Ben bu sene buz mavisinin esiriyim. Bu rengi birçok kişide görmek istiyorum. O buz gibi soğuk olan rengin yanında alev gibi taşıyabileceklerini düşündüğüm kırmızının esiri oldum. Sarının da doğru bir enerji vereceğini düşünüyorum koleksiyonumda; sarıyı çok iyi hissediyorum. Siyah ve beyaz da zaten vazgeçilmez bir renk olduğu için her sene hissederim. Vücudunun iyi olduğunu hissetiğim kişilerde dar kesim feminen çizgilerle, sırt dekoltesini önemsiyorum bu sene… Ön taraf tamamen kapalı, arkada yırtmaç ve sırt dekoltesiyle bir show görmek istiyorum kıyafetlerimde. Işıltı ve pırıltıya çok fazla yüklenmek istemiyorum, bir yerde ışıltı ve pırıltının çok daha etkileyici olduğunu düşünüyorum bu sene. Mesela geçen yıllarda kıyafetin tümünde ışıltı ve pırıltı hissediyordum; dünya modası da böyle hissediyordu, yine var çok pırıltılı giysiler ama ben bir yerde pırıltıyla dikkat çekmeyi seviyorum.
Tüllerin, organzelerin, uçuşan kumaşların bana çok büyük faydası olacağına inanıyorum ve davetlere de bu tip kıyafetler hazırlamayı düşünüyorum. Danteli herkes çalışıyor ama ben danteli çok farklı şekilde çalışıyorum. Herkesten bir adım önde nasıl olurum düşüncesiyle farklı bir tarzda çalışıyorum. tabii nasıl çalıştığımı anlatarak şimdi meslek sırrı vermek istemiyorum. Aksesuarı çok seviyorum, bu sene aksesuar ön planda kıyafetlerimde; eldivenler, ayakkabılardaki aksesuarlar, broşlar, tasmalar ve ayakkabılar önemli.

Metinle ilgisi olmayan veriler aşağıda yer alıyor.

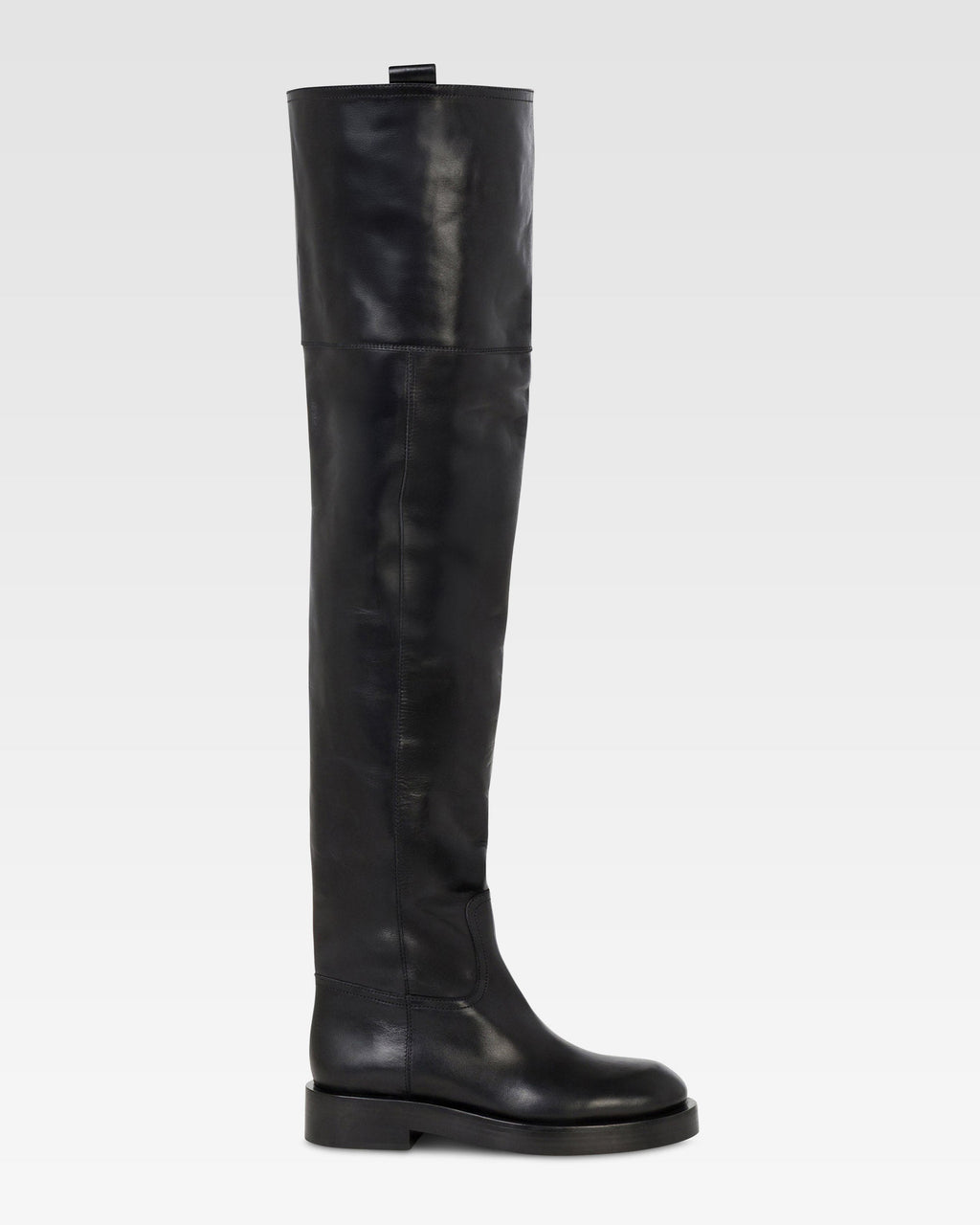 Over-the-knee boots in black calf leather.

Saç renklerinde birkaç rengi bir arada sevmiyorum. Ya tam sarışın olacak, ya tam esmer ya da tam bakır, balyajlara pek sıcak bakmıyorum, çok renkli saçı sevmiyorum. Makyajda gözü ön planda seviyorum. Gerçi dünya modasında kırmızı ruj ön planda ama benim kadınlarımda göz dikkat çekici, dudaklar daha pastel oluyor.
-Sizinle sohbet çok güzeldi, samimi ve sıcak karşılamanız ve sorularımıza verdiğiniz içten yanıtlar için çok teşekkür ederiz.